=== Begin Enclosure ===
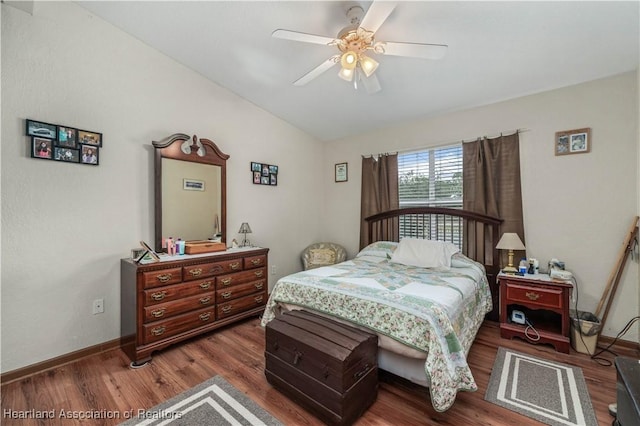 bedroom featuring vaulted ceiling, ceiling fan, and dark wood-type flooring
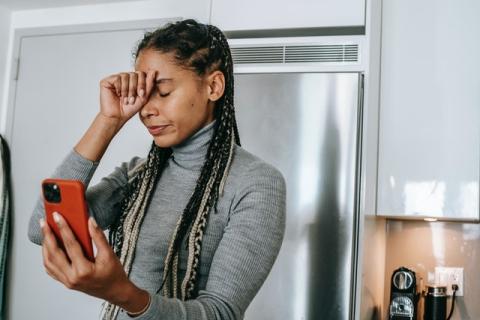 Female with fist to forehead and holding smartphone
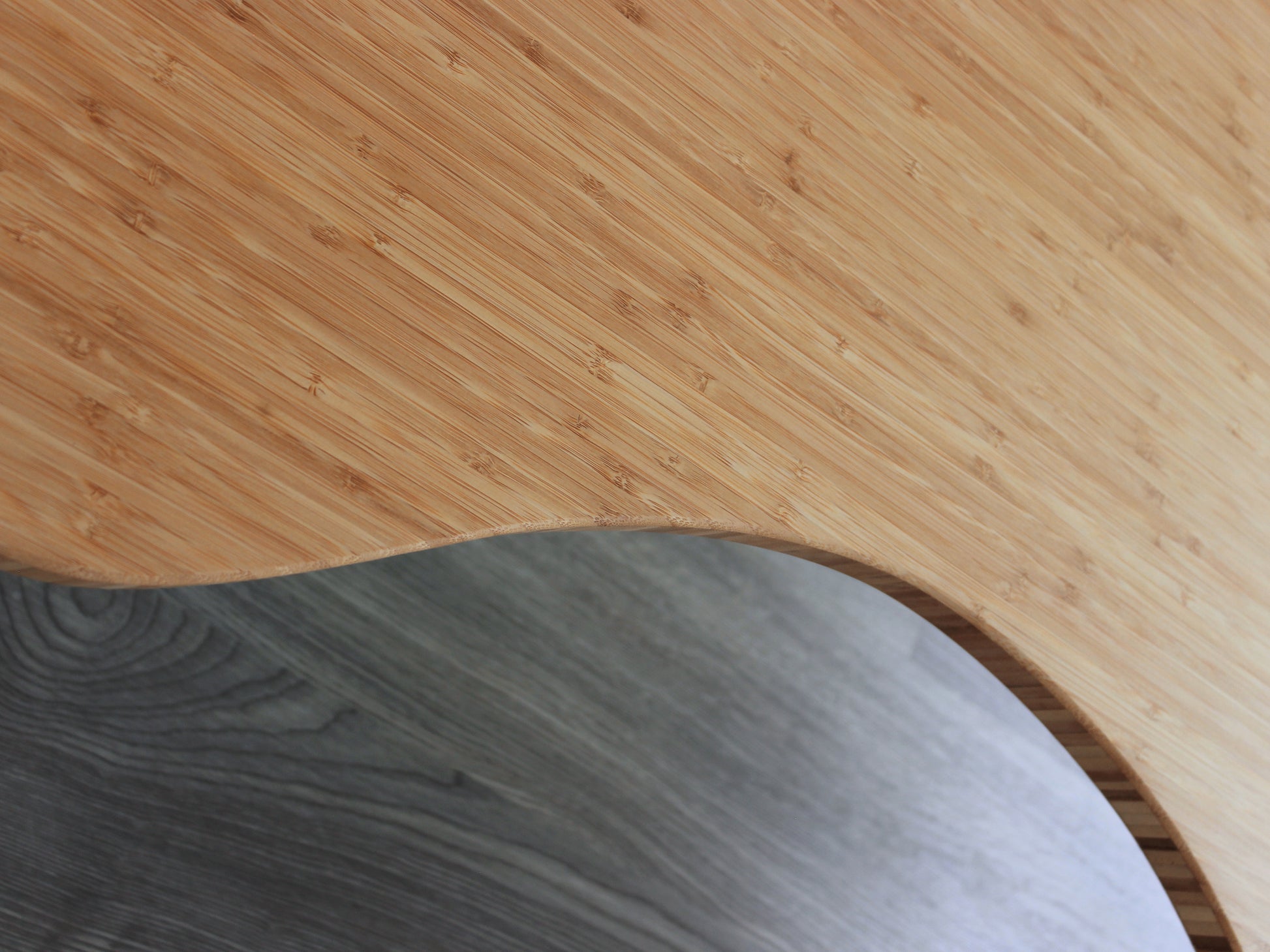 A kidney-shaped natural bamboo table, overhead view. Grey flooring with a white background. 

mid century modern low table
midcentury modern coffee table
floor table
japan coffee table
japan furniture
japan table
kidney coffee table 
bamboo low table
=== End Enclosure ===
### EXERCISE INSTRUCTIONS:
Every line in the entries that contains the word "modern" should be counted, and the total stated alone.

### OUTPUT OF THE EXERCISE:
2